The Quotable Lewis edited by Wayne Martindale and Jerry Root (Tyndale House, 1989)
As I discovered when doing my George MacDonald retrospective, reading a collection of quotations from an author's works can be delightful, but it's less so when you've been immersing yourself in the works themselves and have read the passages in context. The difference here is that my MacDonald collection could be considered complete, and my Lewis collection cannot. The net of this 651-page book has caught, among its 1565 excerpts, several that were new to me, especially from Lewis's letters.
The editors have given each quotation a number, so in my own selections below I give that instead of the usual page number. Many of the quotations are quite long, which in the main is great, but no so much when one is typing them out. So in some cases I have excerpted the excerpts. There are a lot of quotes here, but it is a large book!
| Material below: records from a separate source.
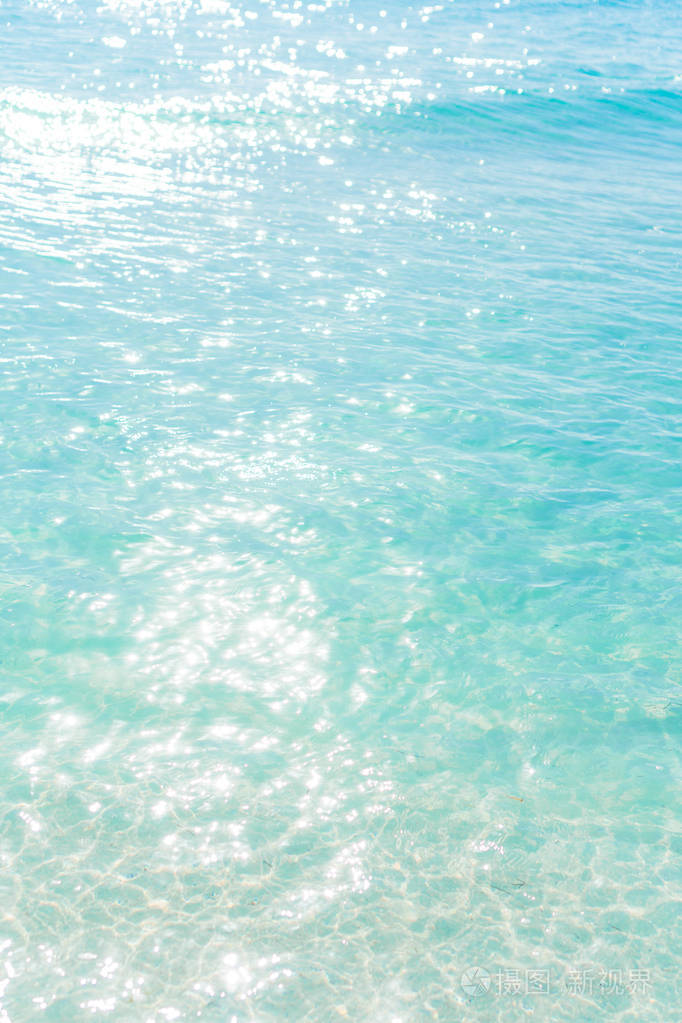 闪闪发光的太阳照耀着海床上.沙下干净的水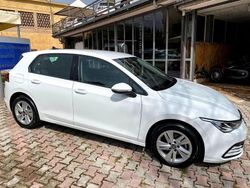 Bianco Usata 2022 VW Golf Life Tre volumi | 16.800 € (Ottimo prezzo)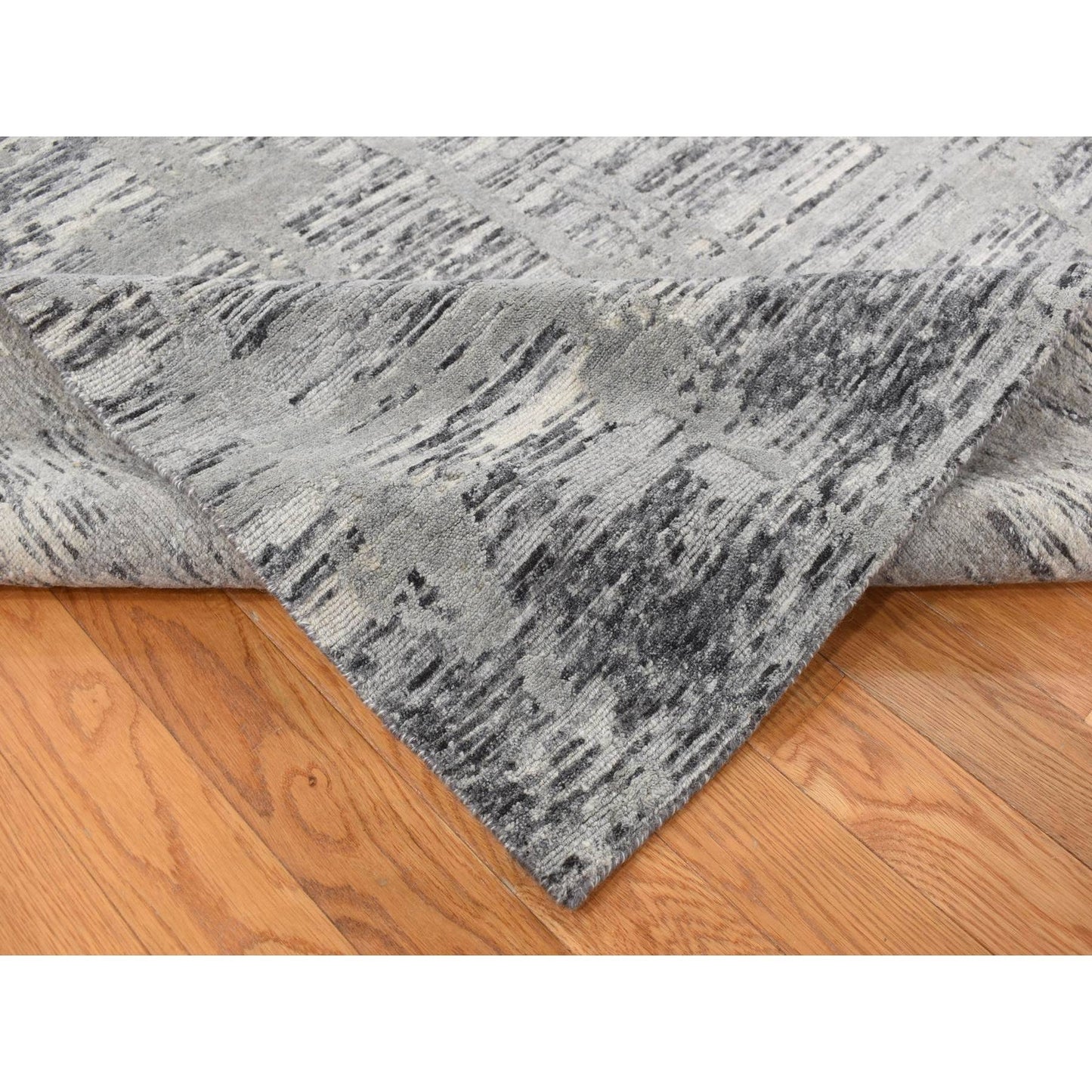 10'1"X10'1" Gray Natural Wool Modern Design Hand Knotted Square Rug
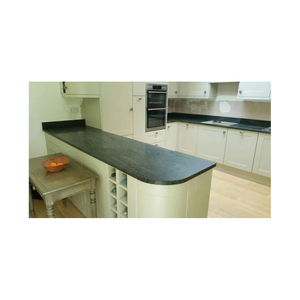 Dalles de granit vert tropical naturel poli pour escaliers, comptoirs de cuisine, salles de bains et intérieurs de bureaux - Product Image 1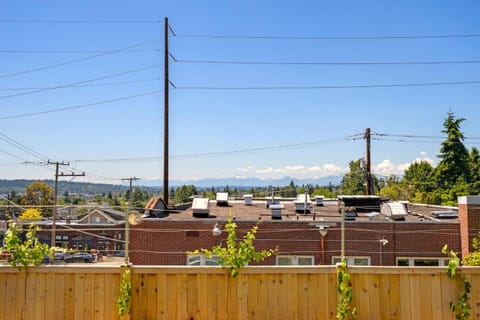 Perch - Ballard Vintage House in Phinney Ridge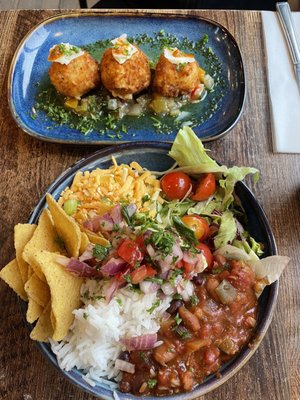 The Fish Box / Flannery's Seafood Bar by null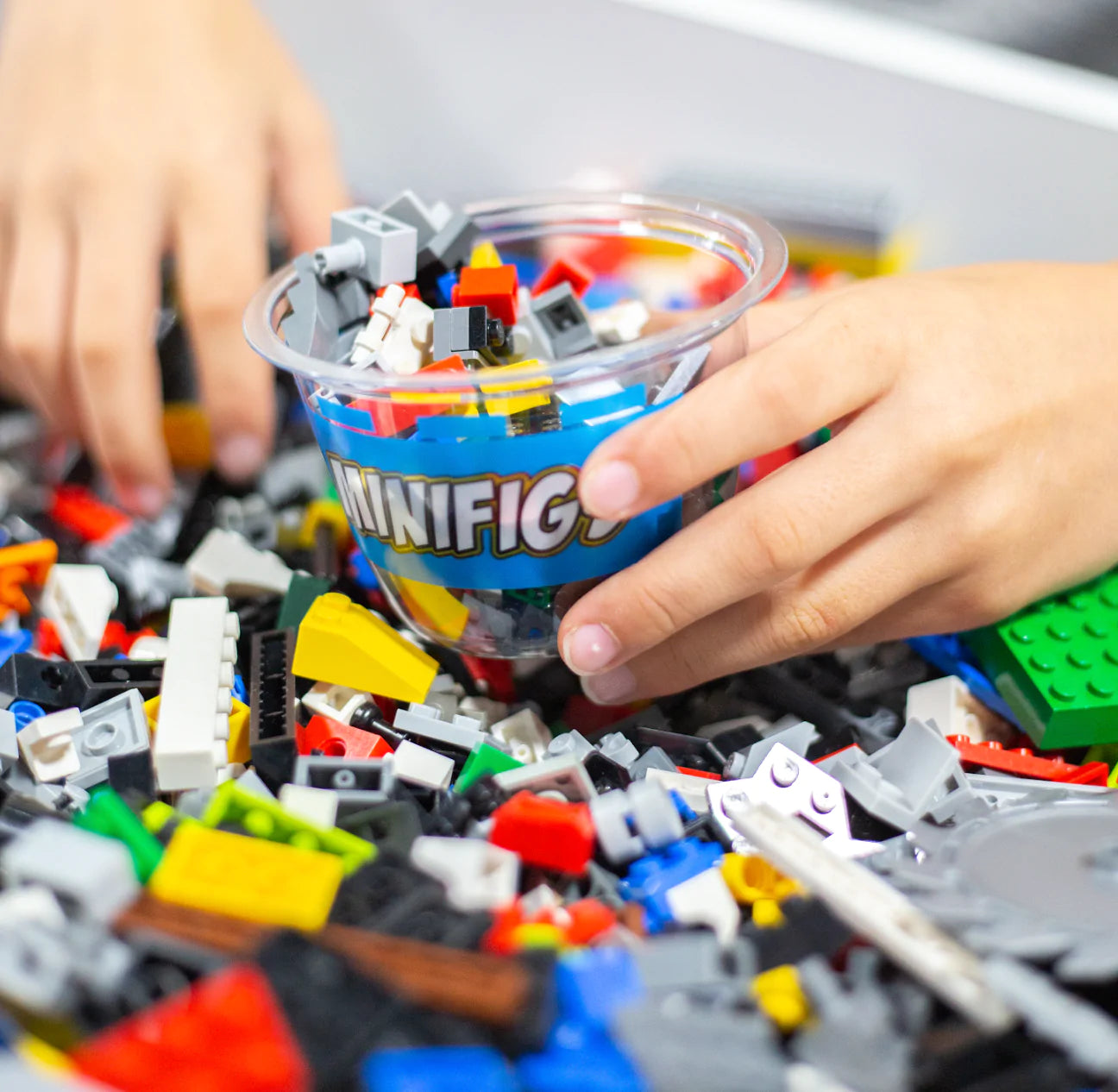 Selling bulk discount legos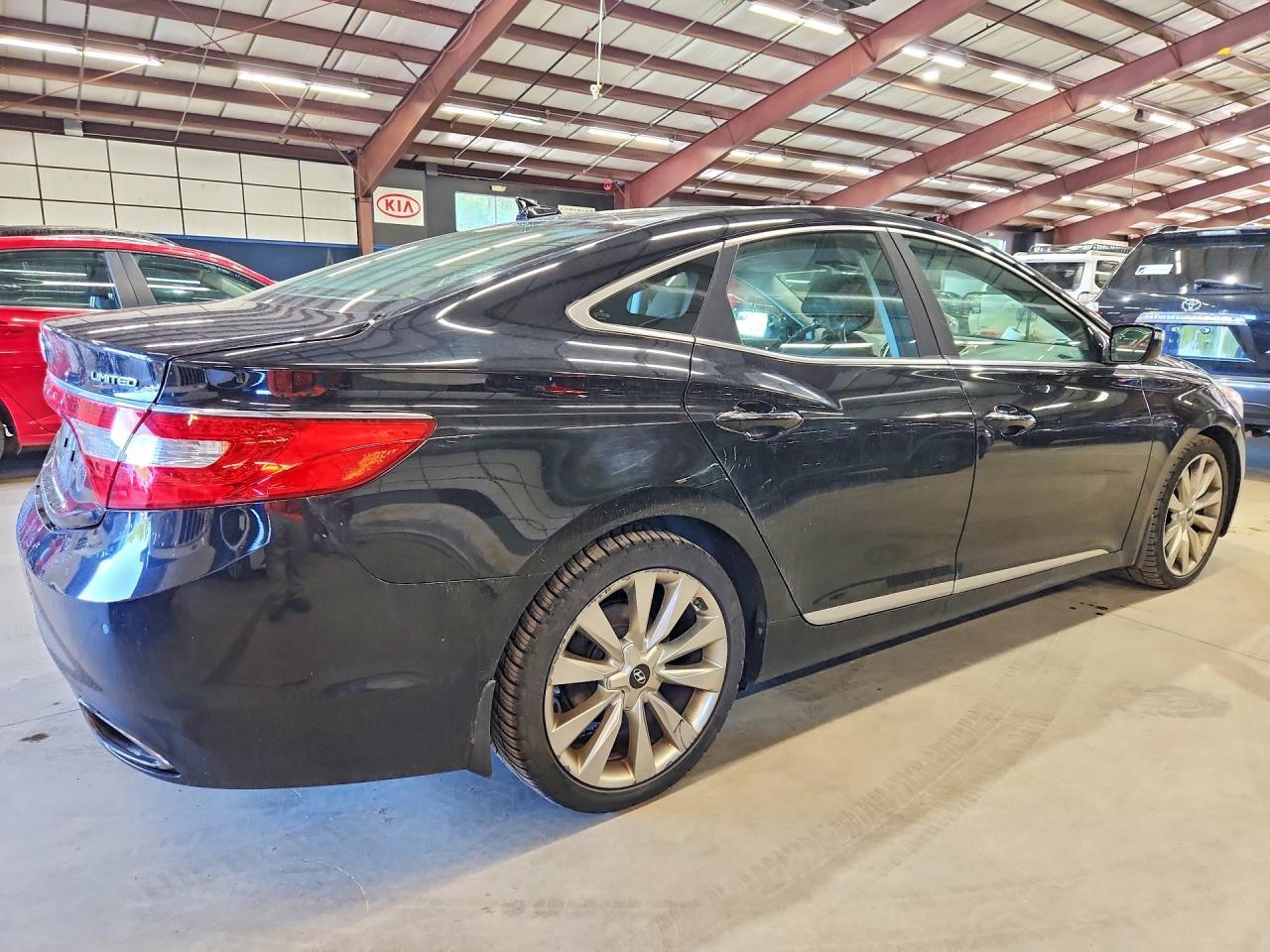 2014 Hyundai Azera Limited - Image 3
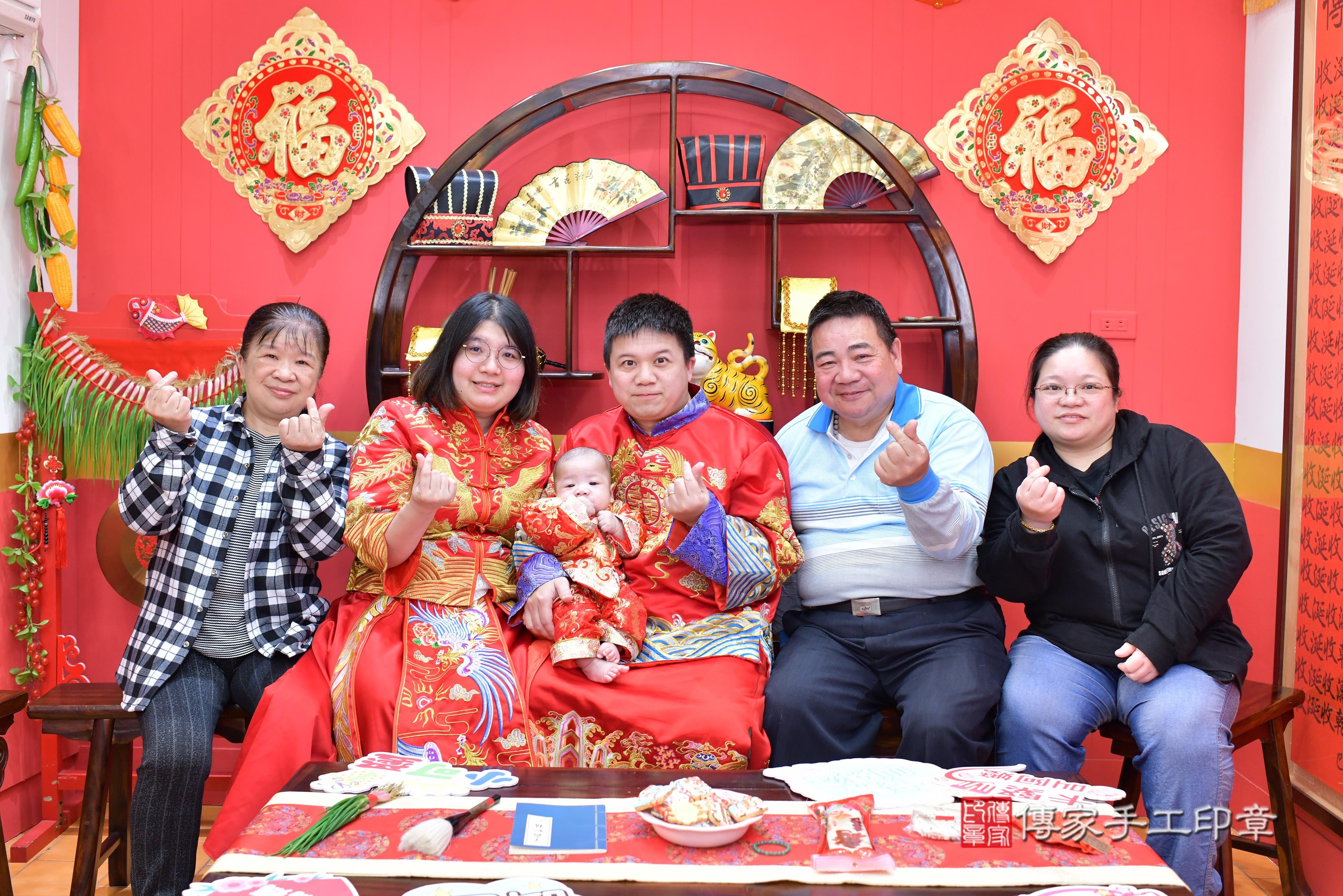 傳家手工印章桃園店、抓周、度脺、中國風會場、傳家嬰兒古禮、吉祥話、抓周道具物品24種、拍照。抓周證書。寶寶抓周、滿周歲、生日快樂、祝福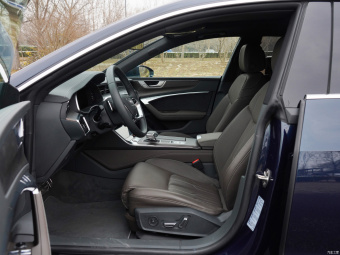 Audi A7L Foresight Executive Edition 55 TFSI Quattro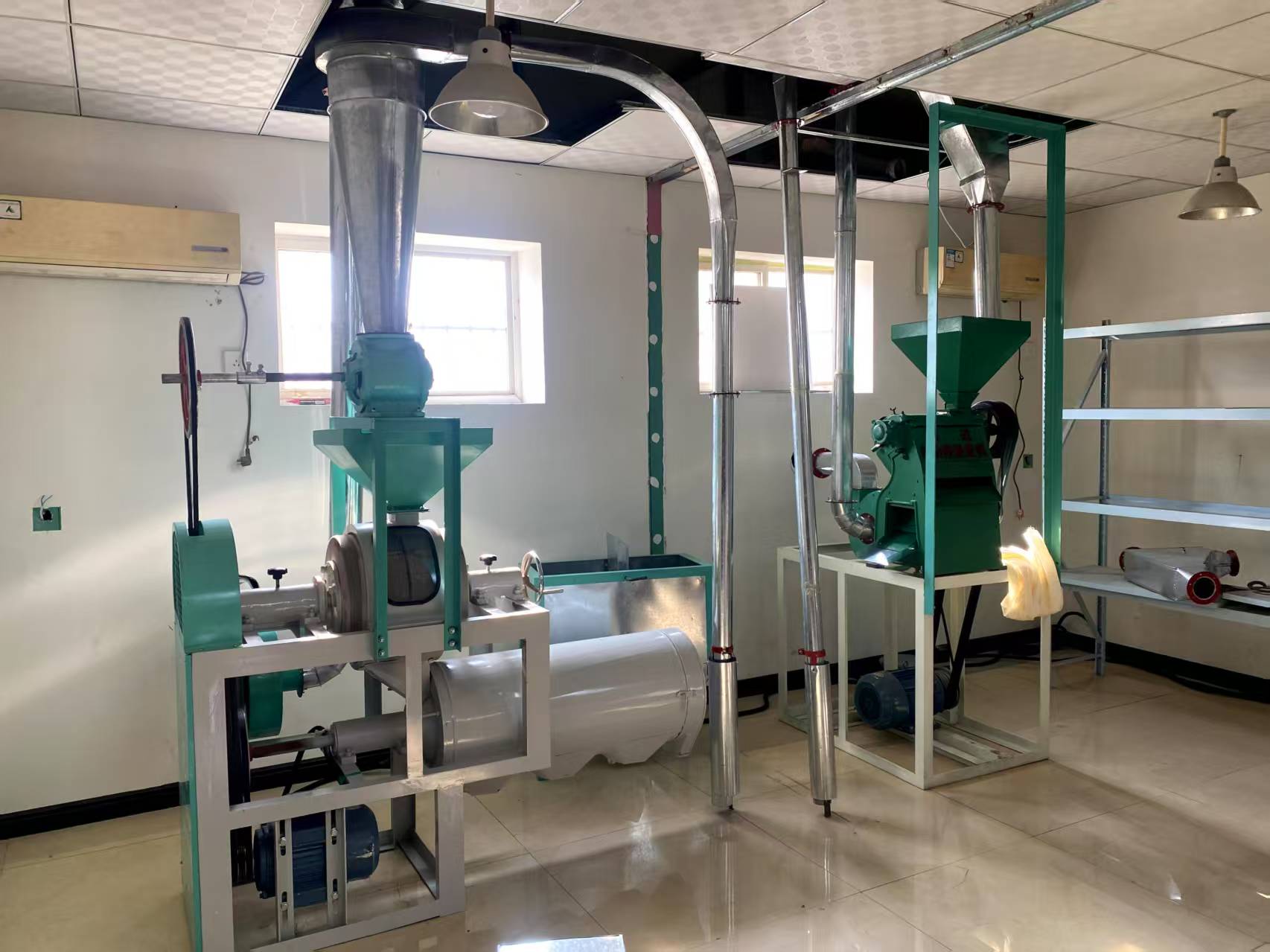 全自動玉米脫皮制糝機(jī)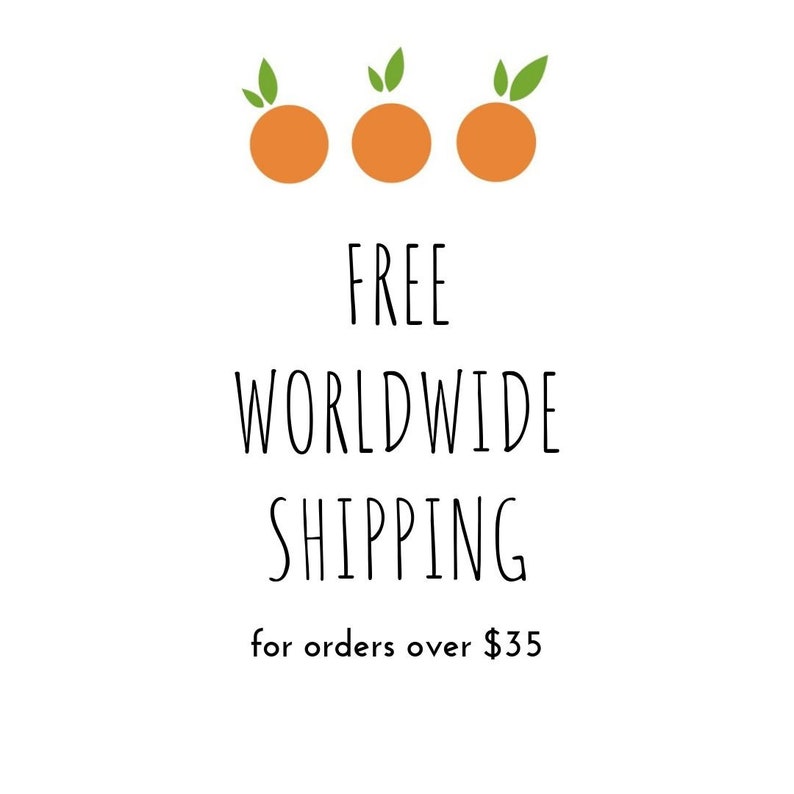 Puede incluir: Tres ilustraciones de frutas naranjas con hojas verdes, con el texto "ENV&Iacute;O GRATUITO A TODO EL MUNDO para pedidos superiores a $35".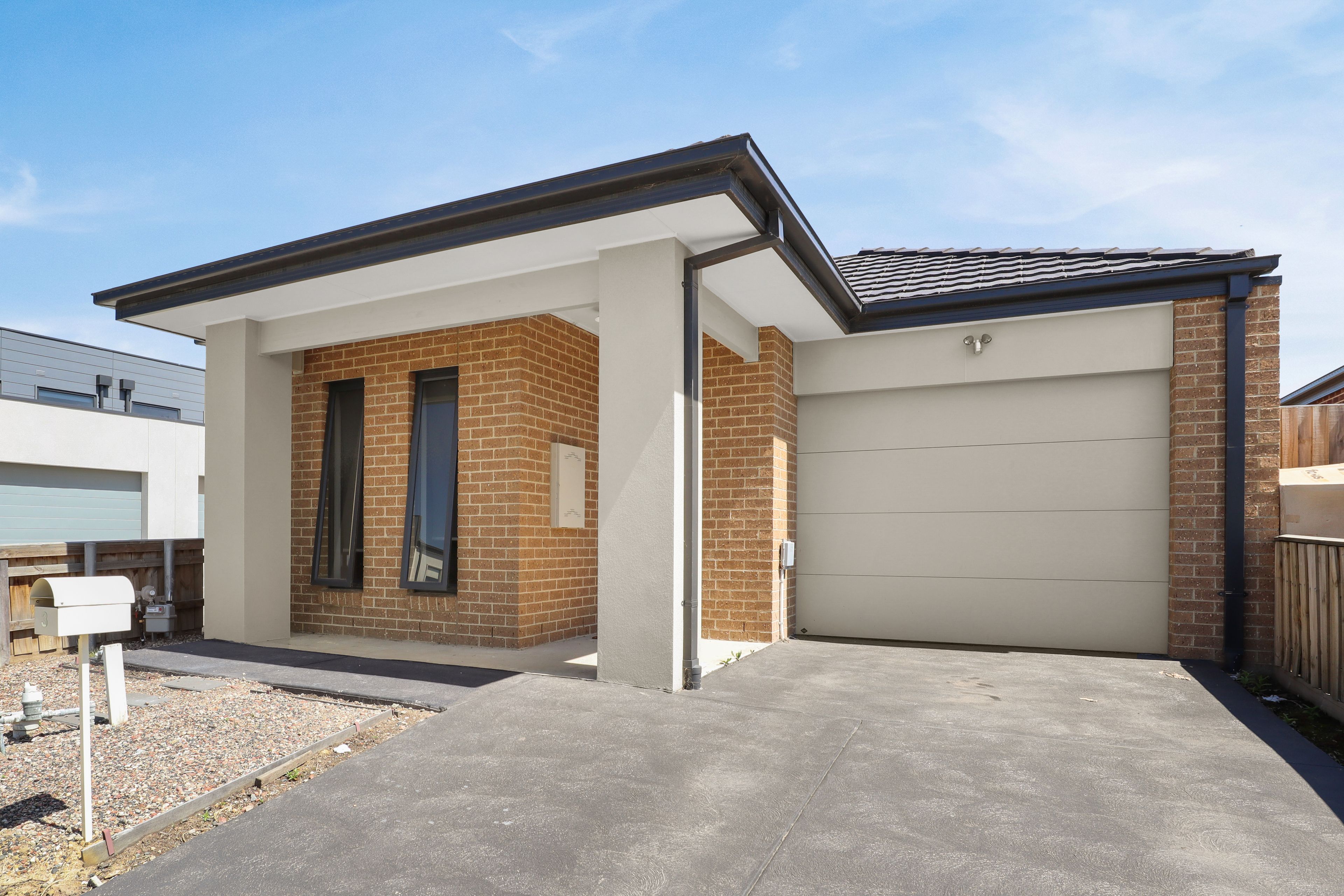 3 Newbury Street, Pakenham, VIC 3810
All bold emphasis is my own.
[From a letter written in 1930, when Lewis was 31 years old] From the age of sixteen onwards I had one single ambition, [to succeed as a writer], from which I never wavered, in the prosecution of which I spent every ounce I could, on which I really and deliberately staked my whole contentment: and I recognize myself as having unmistakably failed in it. (42)
It may well be that the author who claims to write neither for patron nor public but for himself has done our art incalculable harm and bred up infinite charlatans by teaching us to emphasize the public's duty of "recognition" instead of the artist's duty to teach and delight. (68)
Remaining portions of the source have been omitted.